L’échec face à Macron, lors du débat du second tour, ne doit pas masquer la réalité : le fait que celui-ci ait eu lieu est déjà, en soi, une illustration de l’avancée de ses positions au sein de la société. Et ce, malgré que les “courtes jambes” du FN, son incapacité à développer une stratégie cohérente, aient offert les lauriers de la victoire à Emmanuel Macron.
Surtout, au fur et à mesure de son matraquage, celui-ci a réussi un tour de force impressionnant : il s’est placé au centre du débat idéologique. Ce sont désormais ses mots d’ordres qui dictent la position des autres organisations, sa vision du monde qui prend une place hégémonique.
Cette incapacité à triompher de son adversaire est une défaite tactique, mais ne remet pas en cause le fait que le Front National devienne un acteur de l’opposition.
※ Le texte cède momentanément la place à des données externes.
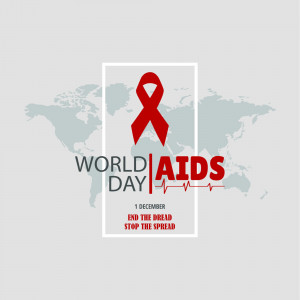 World AIDS Day poster with a red ribbon and world map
De marginal, le Front National est devenu un point de bascule dans le débat. Les positions des organisations politiques tendent, de plus en plus, à se prendre relativement à la position du FN. Ses thèmes de campagne : la question des immigrés, la question de la domination par l’Europe, la question de la sécurité, sont devenus les enjeux centraux des débats.
Ce succès n’est nullement celui d’une étoile filante, mais tout ceci est bel et bien le fruit d’un long processus. De nombreuses forces ont été les acteurs de cette progression, y compris -tristesse- dans le camp des progressistes.
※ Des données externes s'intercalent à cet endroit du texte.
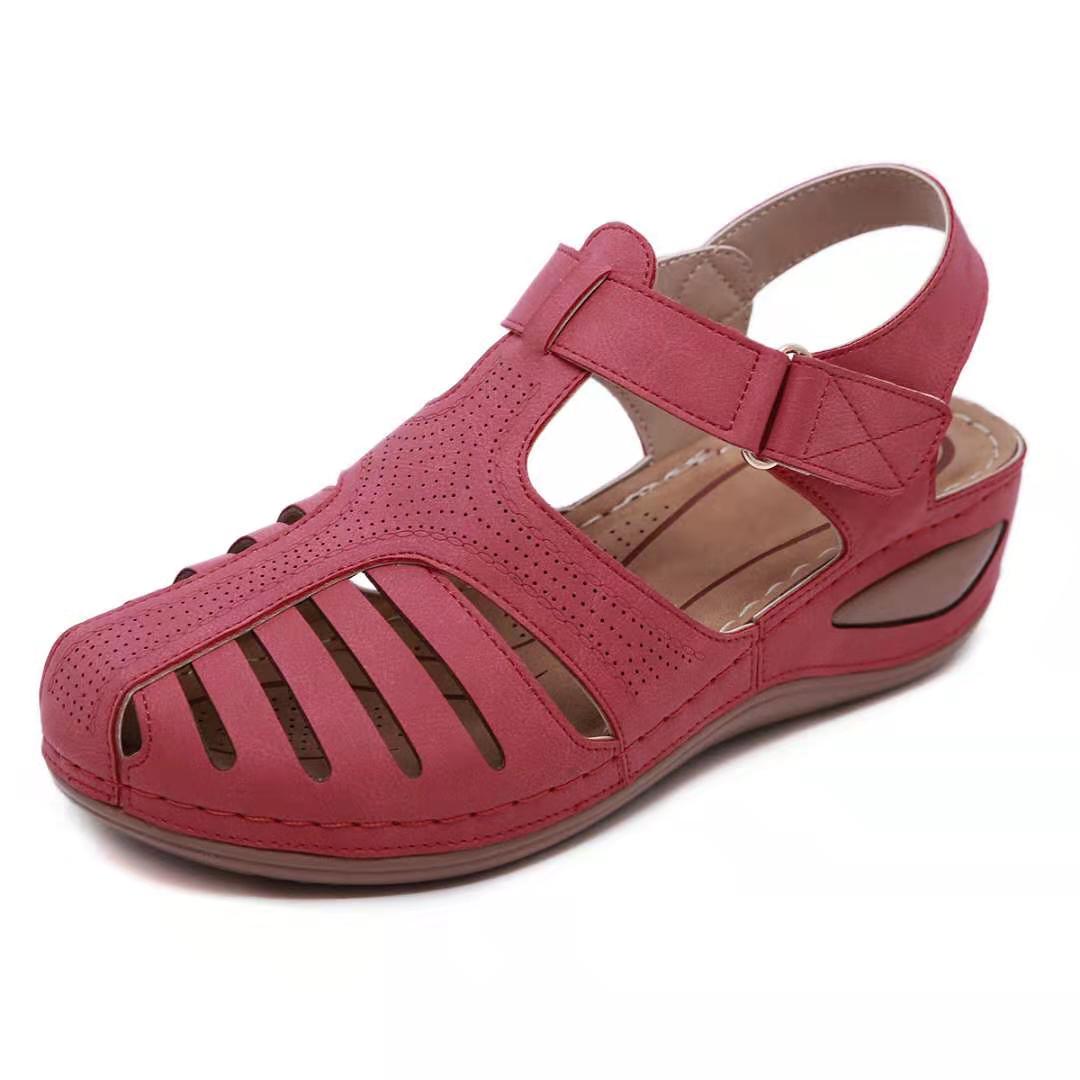 Isabelle | Women's Leather Closed Toe Hollow Out Wedge Sandals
La bourgeoisie ne dépend pas des fascistes, à l’heure actuelle, pour assurer sa sauvegarde. Cependant une opposition formée par le FN est un bénéfice faramineux. Elle forme une contre-assurance idéale.
La bourgeoisie n’a pas besoin, par ailleurs, du FN pour instaurer un régime caporalisé et durci. Comme nous le mentionnons dans notre analyse du débat du second tour : “Il n’existe pas de muraille de Chine, ni de dispositions légales protectrices, qui peuvent intégralement prémunir contre un passage de la démocratie bourgeoise à un système de type fasciste. Si certains esprits mécanistes considèrent que Le Pen est directement égale à “fascisme” et, à l’inverse, que Macron est directement et immuablement égal à “démocratie”, politiquement ceci est une fausseté. Les facultés de résilience de la société civile peuvent tout à fait entraver les tentatives de Le Pen d’appliquer son programme à la lettre, tandis qu’elles peuvent être neutralisée par le centrisme apparent de Macron. Dans une situation difficile ou critique, un centriste peut très bien recevoir l’ordre d’appliquer un régime caporalisé. N’oublions pas que les fossoyeurs de la révolution Spartakiste d’Allemagne, que ceux qui tentèrent d’étrangler la révolution bolchevik, portaient l’un et l’autre la Rose du socialisme, étaient tout deux des gens “de gauche”, progressistes et démocrates.”
Toujours est-il que, à l’heure actuelle, Emmanuel Macron, le plus jeune président de la République, est le héraut parfait de la bourgeoisie. Mais cet adoubement est, là aussi, le fruit d’un long trajet.